### 1. Business Understanding

In the world of football, data is becoming increasingly important. It plays a significant role in the business side of the sport, helping clubs understand players' strengths and weaknesses. Data not only provides insights into performance but also helps evaluate positional suitability. Over the course of a player's career, they may play multiple positions, raising the question: Why does this happen?

Haven’t they become good footballers because they excelled in their original scouted positions? Not always. This is where data comes in—it helps identify which role best suits a player, eliminating unnecessary position changes. By focusing on their natural strengths, players can refine their skills to perfection, benefiting both the club and themselves. This targeted development allows them to maximize their potential in the position that aligns with their traits.

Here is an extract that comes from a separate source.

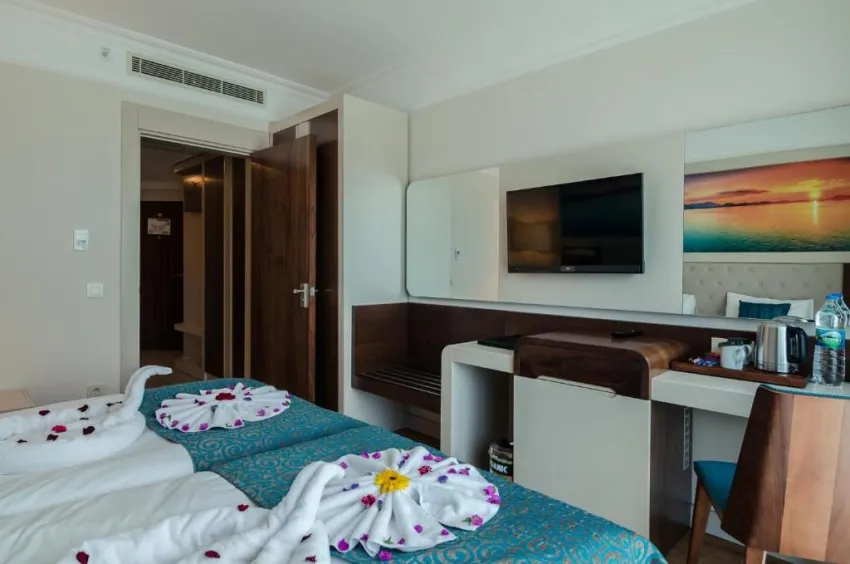 THE LUMOS DELUXE RESORT HOTEL & SPA  5*-25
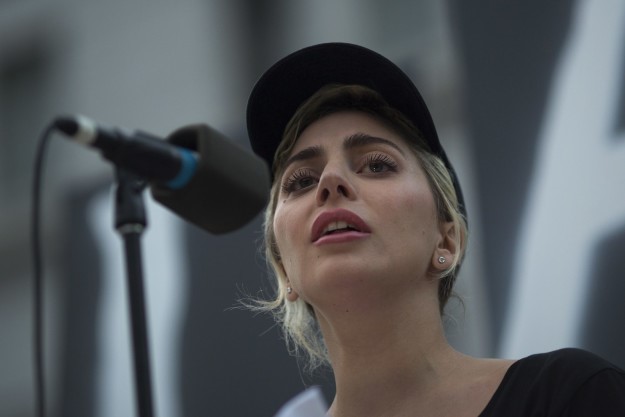 Lady Gaga xuc dong phat bieu ve vu tham sat Orlando hinh anh 1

The metrics used for analysis include:

- Shooting power
- Positioning
- Defending
- Standing tackle
- Sliding tackle
- Short passes
- Long passes

These are just some of the metrics that help determine a player's profile. Using these data points, we can assess whether a player is more suited to a defensive or attacking role, allowing them to tailor their development accordingly.

Although we are using a dataset from the game FIFA, it’s important to note that this data may not perfectly reflect reality. However, FIFA employs data analysis to generate player stats, and these can be used to simulate how real-world players might be evaluated in a similar system. Keepers will be excluded from the dataset due to the entirely different set of metrics required for their analysis compared to outfield players.

### 2. Data Understanding

The dataset was collected by football experts working for EAFC, the company behind the popular FIFA video game series. The data is publicly available on Kaggle, exported as a CSV file, and provides a comprehensive overview of football players across top-tier leagues, including some second and third divisions.
 
The dataset is designed to reflect real-world player attributes, which are used in-game to simulate player performance. These attributes are meticulously evaluated by EAFC’s team of analysts, ensuring a high degree of accuracy and relevance for football analytics.
 
### Data Discription ###
 
The dataset contains 51 attributes for each player, covering:
 
- Player Identification & Metadata
name, full_name: Player’s name and full name.
birth_date, age: Birthdate and current age.
height_cm, weight_kgs: Physical attributes.
nationality, positions: Player’s country and primary/secondary positions (e.g., CF, RW, ST).
 
- Performance & Skill Attributes
Attacking Skills:
crossing, finishing, dribbling, shot_power, long_shots, etc.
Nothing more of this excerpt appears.